A grand jury indicted Trump late Monday night for his alleged efforts to overturn the 2020 presidential election in Georgia. 18 others, including Trump allies Rudy Giuliani, John Eastman, Sidney Powell, Jeffrey Clark and Kenneth Chesebro, were indicted along with the former president.

Former Chief of Staff Mark Meadows has also been indicted and charged with racketeering and solicitation of violation of oath by a public officer in relation to setting up a call between Trump and Secretary of State Brad Raffensperger. Meadows filed a motion to have his case moved from state court to federal court on the grounds that, as federal law stipulates, he was an “officer of the United States” acting “under color of such office.”

Honig said Trump is likely to make the same argument, prompting host John Berman to ask why Meadows and Trump would want to get their case moved to federal court.

“Well, if this case is charged in only Fulton County … the jury will be very anti-Trump. The count in 2020 was about 72 percent for Biden, 26 for Trump,” Honig said, with both he and Berman noting two counties just north of Fulton are “way better for Trump” since he won them in the 2020 election.

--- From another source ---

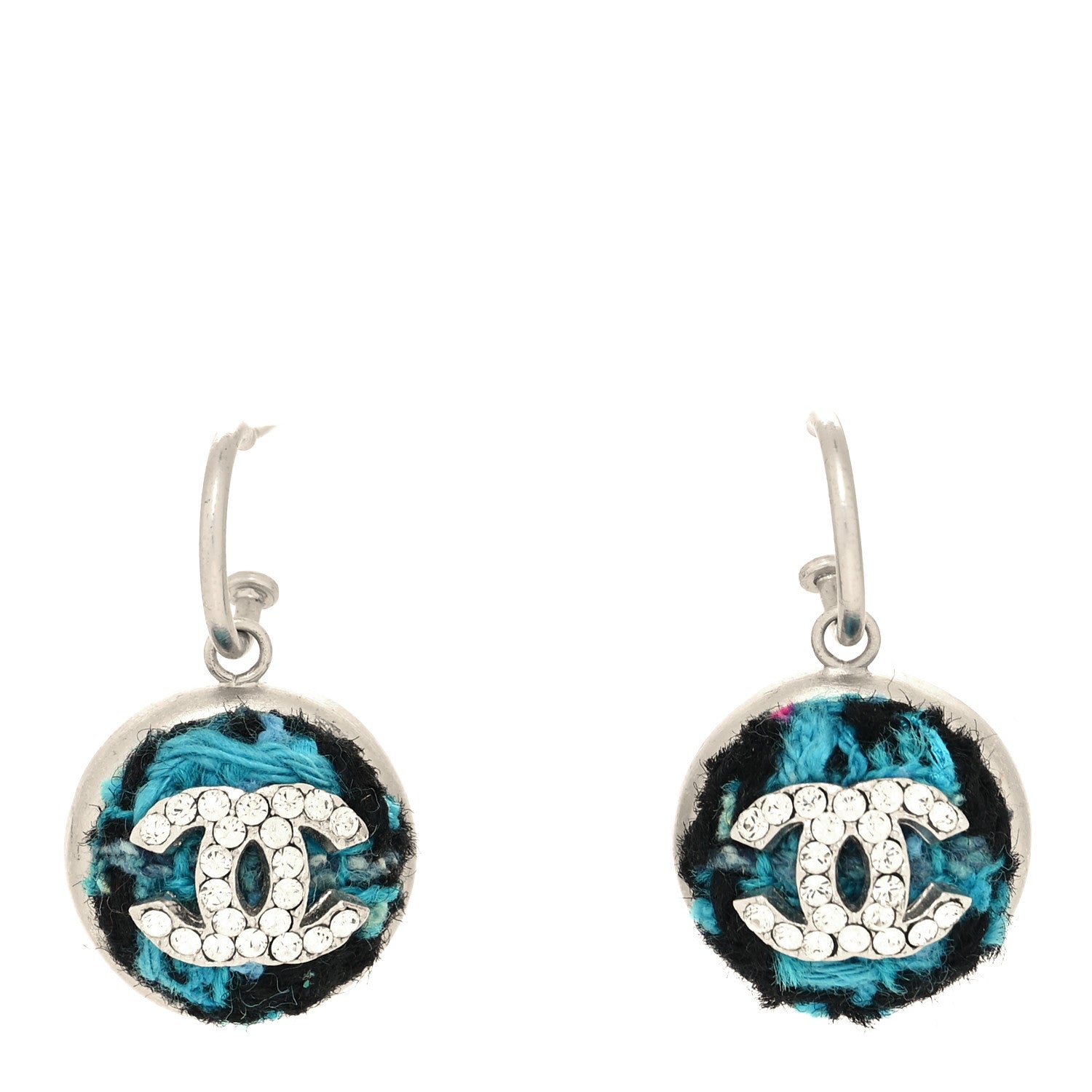 Chanel Metal Tweed Crystal CC Half Hoop Earrings Silver Blue 1 of 4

“If they get into federal court the jury will be drawn from the entire northern district of Georgia which is basically all of these counties,” Honig noted, drawing a wide circle on a map of the state. “If they stay in Fani Willis’ court, it’s gonna be all from Fulton County.” (RELATED: CNN Legal Analyst Elie Honig Lays Out Disadvantages In Georgia Trump Indictments)

Concerns about the jury pool have already arisen, with Georgia State University Constitutional Law professor Eric Segall saying Tuesday that race would play a role in the case.

Segall said Trump “is probably a little more sensitive to black women than he is to other people and the Fulton County jury pool is going to be largely African-American.”